In the listing below, the answer starts at the line that has "สยามบรมราชกุมารี ณ ศาลากลางจังหวัดกาญจนบุรี" and stops after the line that has "オリジナルメーカー海づり公園(市原市海づり施設) 釣果"; please repeat that part exactly and nothing more.

The records:

···

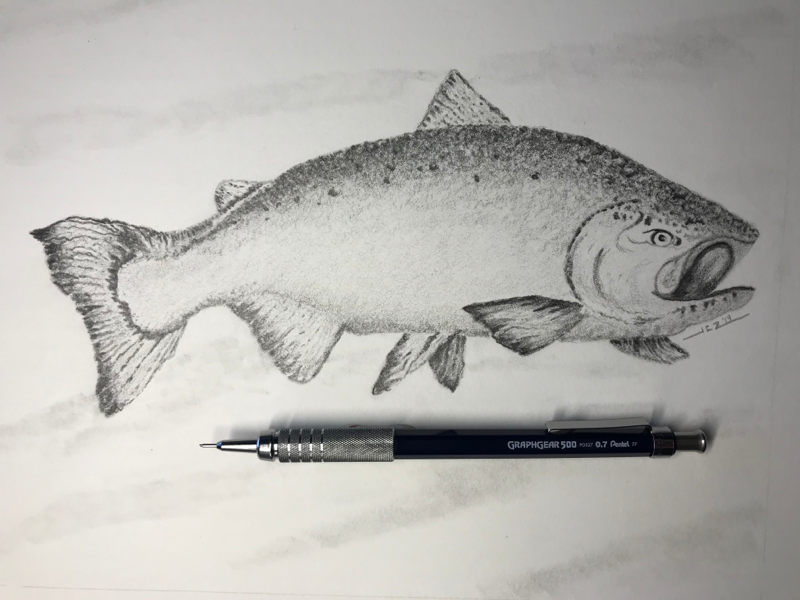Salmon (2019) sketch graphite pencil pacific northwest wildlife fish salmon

···

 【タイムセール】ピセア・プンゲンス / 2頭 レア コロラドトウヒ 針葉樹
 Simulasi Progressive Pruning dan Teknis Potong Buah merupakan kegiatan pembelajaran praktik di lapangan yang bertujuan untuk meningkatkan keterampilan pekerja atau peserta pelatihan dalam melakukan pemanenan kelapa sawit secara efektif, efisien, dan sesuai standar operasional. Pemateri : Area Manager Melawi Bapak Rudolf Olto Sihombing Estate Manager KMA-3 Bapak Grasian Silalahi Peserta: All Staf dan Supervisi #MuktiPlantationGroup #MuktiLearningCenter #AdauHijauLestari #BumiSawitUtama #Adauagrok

···

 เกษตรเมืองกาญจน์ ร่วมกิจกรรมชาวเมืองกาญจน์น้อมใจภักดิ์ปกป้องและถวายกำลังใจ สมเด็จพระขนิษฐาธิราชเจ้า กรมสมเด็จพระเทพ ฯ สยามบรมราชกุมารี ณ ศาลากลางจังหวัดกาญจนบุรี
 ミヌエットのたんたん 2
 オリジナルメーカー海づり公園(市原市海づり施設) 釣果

···

Response area:
 เกษตรเมืองกาญจน์ ร่วมกิจกรรมชาวเมืองกาญจน์น้อมใจภักดิ์ปกป้องและถวายกำลังใจ สมเด็จพระขนิษฐาธิราชเจ้า กรมสมเด็จพระเทพ ฯ สยามบรมราชกุมารี ณ ศาลากลางจังหวัดกาญจนบุรี
 ミヌエットのたんたん 2
 オリジナルメーカー海づり公園(市原市海づり施設) 釣果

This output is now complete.